Com efeito, no antigo regime absolutista, a imagem do rei era construída coletivamente pela arte, pela literatura e pela moda de forma a exaltar sua virilidade e masculinidade. Um soberano viril era aquele que tradicionalmente vencia muitas batalhas, duelava em justas e dava testemunho de sua potência sexual, produzindo herdeiro não apenas com sua esposa legítima, como também com suas amantes. Como dito anteriormente, Luís XVI não se interessava por atividades físicas, exceto a caça, e não tomou para si uma favorita. A ausência de uma amante titular, posição anteriormente ocupada por mulher como Madame de Pompadour e Madame Du Barry, deixou assim a rainha exposta a toda sorte de ataques. Alvo do popular, as amantes reais eram ao mesmo tempo um escudo que protegia a figura soberana de ataques como os que Maria Antonieta sofreu. Ridicularizar a sexualidade da esposa do rei era, portanto, uma forma de diminuir a imagem viril do monarca e ao mesmo tempo lançar dúvidas sobre a legitimidade da prole real. Em vida, Maria Antonieta foi comparada a mulheres como Messalina, e satirizada em panfletos onde aparecia montando um pênis gigante ou como uma harpia. Segundo Chantal Thomas: “o mito dos poderes super eróticos de Maria Antonieta – associados com um gênio para o mal desafiando a capacidade humana – se encontrou com a sanção de que o real é surpreendente. Na ausência de qualquer prova de traição política, a rainha foi julgada de acordo com as fantasias pornográficas de toda a nação” (1999, p. 18).

Ilustração criada por ocasião da figa da família real do palácio das Tulheiras em 1791. Maria Antonieta foi responsabilizada pelo plano, conforme se vê nessa charge, onde ela tenta dar um salto mais largo do que suas pernas, deixando o povo ver o que há por baixo da sua saia.

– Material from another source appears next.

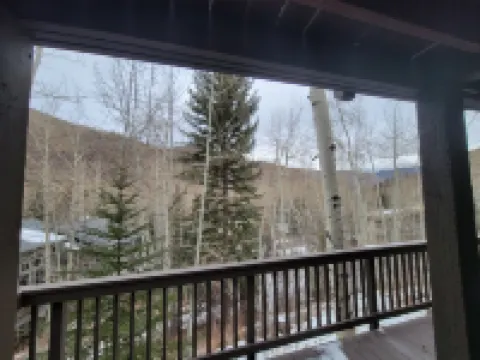 COZY AND PEACEFUL WEST VAIL, HUGE PRIVATE DECK, WALK TO BUS STOP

Logo após a restauração da monarquia na França, em 1815, o rei Luís XVIII fez o possível para associar a imagem de Luís XVI e Maria Antonieta com verdadeiros mártires cristãos, encomendando biografia e livros de memórias nos quais o casal eram retratados como vítimas da Revolução. Durante grande parte do século XIX, observou-se um verdadeiro culto à memória da “rainha mártir”, até que as cartas da soberana dirigidas ao conde sueco Axel de Fersen foram descobertas, comprovando assim uma ligação mais íntima entre os dois. Desde então, o interesse na vida privada de Antonieta ganhou força renovada, através dos muitos romances publicados na primeira metade do século XX. Atualmente, a última rainha da França continua a exercer interesses entre o círculo de amantes da história, sejam eles favoráveis à sua pessoa ou não. Muito antes de personalidades como a princesa Diana e Michael Jackson, Maria Antonieta de Habsbugo-Lorena sentiu na pele o impacto negativo do poder da propaganda de cunho malicioso e até hoje sua imagem é deturpada por tais representações. Passam-se os tempos, e ainda hoje vemos muitas mulheres em posição de liderança sendo ridicularizadas quanto à sua sexualidade, tal como a esposa de Luís XVI. Nenhuma outra personagem do passado consegue reunir em torno de si tantos defensores e detratores ao mesmo tempo, exceto, talvez, Ana Bolena. Mas essa já é uma outra hisstória…

Para ver as imagens sem censura, CLIQUE AQUI!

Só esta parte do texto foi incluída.